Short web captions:
== == ==

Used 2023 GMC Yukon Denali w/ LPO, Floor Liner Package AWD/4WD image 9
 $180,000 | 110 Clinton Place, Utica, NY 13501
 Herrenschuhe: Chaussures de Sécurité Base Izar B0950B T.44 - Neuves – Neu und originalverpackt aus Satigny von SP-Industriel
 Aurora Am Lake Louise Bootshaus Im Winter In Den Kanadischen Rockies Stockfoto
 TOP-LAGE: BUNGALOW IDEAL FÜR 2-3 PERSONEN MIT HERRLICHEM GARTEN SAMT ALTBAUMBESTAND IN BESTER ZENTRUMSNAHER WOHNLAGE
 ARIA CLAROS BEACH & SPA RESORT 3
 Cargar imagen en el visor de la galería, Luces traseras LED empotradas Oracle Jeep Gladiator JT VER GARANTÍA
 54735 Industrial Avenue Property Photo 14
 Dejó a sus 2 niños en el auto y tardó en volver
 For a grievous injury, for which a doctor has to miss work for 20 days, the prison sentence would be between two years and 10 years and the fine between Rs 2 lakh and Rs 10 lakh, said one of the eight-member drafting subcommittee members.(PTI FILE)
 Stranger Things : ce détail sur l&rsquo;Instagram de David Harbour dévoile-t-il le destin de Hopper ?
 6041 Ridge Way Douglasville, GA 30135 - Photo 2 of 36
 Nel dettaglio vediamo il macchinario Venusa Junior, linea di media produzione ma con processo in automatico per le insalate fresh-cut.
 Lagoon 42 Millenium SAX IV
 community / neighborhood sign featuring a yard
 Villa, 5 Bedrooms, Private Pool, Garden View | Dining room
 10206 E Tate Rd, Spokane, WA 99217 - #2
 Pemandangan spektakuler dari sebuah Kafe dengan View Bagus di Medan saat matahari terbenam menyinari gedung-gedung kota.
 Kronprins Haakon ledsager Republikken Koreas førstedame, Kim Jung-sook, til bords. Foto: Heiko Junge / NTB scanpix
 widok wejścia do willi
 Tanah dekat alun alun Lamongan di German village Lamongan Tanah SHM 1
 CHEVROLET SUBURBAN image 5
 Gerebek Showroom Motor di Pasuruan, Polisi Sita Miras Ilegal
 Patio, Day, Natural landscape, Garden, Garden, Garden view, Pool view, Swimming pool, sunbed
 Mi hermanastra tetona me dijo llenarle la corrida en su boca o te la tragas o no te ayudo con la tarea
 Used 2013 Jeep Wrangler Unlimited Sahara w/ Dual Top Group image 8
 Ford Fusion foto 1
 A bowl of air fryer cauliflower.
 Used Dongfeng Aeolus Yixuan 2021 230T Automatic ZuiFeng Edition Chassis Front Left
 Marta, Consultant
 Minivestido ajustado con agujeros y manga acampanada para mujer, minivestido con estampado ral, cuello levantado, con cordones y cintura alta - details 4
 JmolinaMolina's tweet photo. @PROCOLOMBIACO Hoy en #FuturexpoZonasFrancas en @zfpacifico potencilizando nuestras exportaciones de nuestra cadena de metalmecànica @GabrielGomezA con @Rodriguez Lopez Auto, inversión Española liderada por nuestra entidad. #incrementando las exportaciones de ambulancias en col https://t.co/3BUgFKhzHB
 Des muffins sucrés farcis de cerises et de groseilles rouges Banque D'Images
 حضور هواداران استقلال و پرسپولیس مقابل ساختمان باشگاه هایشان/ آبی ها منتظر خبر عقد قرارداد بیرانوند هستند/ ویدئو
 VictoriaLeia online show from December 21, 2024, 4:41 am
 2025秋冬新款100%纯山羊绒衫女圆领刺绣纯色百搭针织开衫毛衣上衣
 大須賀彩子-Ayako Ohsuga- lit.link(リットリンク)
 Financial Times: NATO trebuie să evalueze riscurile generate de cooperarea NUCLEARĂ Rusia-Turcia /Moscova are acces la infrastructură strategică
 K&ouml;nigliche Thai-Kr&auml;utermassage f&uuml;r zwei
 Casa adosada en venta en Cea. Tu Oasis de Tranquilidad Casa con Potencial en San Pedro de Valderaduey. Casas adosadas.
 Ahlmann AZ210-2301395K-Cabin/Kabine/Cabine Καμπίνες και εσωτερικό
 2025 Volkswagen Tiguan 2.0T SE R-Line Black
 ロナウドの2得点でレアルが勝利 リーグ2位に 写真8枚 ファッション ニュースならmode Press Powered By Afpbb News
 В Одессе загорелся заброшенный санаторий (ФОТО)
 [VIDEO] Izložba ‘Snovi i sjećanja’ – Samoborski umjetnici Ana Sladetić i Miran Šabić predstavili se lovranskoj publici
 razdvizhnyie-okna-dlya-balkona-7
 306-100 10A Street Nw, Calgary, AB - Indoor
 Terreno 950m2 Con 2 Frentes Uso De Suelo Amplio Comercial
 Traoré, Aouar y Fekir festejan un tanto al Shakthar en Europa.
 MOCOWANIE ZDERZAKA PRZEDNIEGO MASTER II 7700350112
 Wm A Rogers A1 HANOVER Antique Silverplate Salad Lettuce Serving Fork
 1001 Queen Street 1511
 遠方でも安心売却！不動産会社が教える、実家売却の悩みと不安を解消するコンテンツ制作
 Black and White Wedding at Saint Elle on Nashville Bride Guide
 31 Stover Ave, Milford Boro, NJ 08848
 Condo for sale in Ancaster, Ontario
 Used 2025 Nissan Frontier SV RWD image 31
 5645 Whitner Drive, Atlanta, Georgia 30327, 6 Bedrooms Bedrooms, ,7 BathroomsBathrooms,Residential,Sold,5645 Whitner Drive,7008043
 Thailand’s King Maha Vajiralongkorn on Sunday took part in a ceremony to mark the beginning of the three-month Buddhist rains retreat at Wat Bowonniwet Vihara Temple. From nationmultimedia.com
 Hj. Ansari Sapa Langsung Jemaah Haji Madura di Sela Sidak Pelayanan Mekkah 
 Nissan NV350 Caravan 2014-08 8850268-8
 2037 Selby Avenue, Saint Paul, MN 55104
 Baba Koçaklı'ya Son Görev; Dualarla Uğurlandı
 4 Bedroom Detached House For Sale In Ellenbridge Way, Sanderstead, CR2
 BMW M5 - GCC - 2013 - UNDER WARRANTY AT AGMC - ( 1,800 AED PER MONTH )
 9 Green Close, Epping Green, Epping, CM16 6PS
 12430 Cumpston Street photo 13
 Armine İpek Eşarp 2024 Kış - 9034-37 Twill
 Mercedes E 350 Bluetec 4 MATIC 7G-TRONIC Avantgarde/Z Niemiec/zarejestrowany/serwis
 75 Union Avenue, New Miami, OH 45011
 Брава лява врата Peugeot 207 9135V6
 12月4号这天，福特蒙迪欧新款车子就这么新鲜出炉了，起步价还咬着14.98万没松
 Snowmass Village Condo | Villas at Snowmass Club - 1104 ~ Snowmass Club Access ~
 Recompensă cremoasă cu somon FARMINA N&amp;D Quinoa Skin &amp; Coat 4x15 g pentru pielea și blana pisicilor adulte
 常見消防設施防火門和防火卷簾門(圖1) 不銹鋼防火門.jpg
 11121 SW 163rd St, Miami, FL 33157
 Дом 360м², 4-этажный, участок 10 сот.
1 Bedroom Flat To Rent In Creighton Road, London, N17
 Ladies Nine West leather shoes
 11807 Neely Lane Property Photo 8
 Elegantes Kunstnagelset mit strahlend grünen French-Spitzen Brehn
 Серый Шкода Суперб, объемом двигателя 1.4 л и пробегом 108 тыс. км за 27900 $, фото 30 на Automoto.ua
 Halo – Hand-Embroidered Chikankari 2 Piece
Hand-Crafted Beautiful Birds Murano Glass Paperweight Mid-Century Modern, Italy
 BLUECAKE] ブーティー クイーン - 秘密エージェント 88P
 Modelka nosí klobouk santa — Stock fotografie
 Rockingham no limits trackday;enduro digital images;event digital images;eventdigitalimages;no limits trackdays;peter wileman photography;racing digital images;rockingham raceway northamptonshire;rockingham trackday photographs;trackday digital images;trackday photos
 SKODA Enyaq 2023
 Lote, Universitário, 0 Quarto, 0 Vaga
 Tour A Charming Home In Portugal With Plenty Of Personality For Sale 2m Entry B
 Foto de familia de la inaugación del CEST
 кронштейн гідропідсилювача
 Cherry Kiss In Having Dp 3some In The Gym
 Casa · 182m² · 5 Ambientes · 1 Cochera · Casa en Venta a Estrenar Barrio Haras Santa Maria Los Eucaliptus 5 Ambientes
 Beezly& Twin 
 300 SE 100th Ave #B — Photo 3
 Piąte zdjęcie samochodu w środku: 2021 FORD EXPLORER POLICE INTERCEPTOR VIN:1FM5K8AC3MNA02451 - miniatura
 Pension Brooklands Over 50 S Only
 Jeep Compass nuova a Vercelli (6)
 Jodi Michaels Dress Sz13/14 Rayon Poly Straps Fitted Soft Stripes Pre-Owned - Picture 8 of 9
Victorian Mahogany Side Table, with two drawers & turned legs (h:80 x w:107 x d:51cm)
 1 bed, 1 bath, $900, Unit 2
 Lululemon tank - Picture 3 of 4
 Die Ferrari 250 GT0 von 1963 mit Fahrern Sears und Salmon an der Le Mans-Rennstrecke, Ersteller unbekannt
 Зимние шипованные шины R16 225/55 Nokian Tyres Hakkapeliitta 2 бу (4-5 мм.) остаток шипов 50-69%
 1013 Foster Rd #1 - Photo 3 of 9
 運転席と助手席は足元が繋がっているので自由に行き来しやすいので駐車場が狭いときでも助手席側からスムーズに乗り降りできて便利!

== == ==

PROMPT:
Start with the line above that contains "Tanah dekat alun" and end with the line that contains "Patio, Day, Natural". Write out those lines exactly, and only those.

OUTPUT OF THE EXERCISE:
 Tanah dekat alun alun Lamongan di German village Lamongan Tanah SHM 1
 CHEVROLET SUBURBAN image 5
 Gerebek Showroom Motor di Pasuruan, Polisi Sita Miras Ilegal
 Patio, Day, Natural landscape, Garden, Garden, Garden view, Pool view, Swimming pool, sunbed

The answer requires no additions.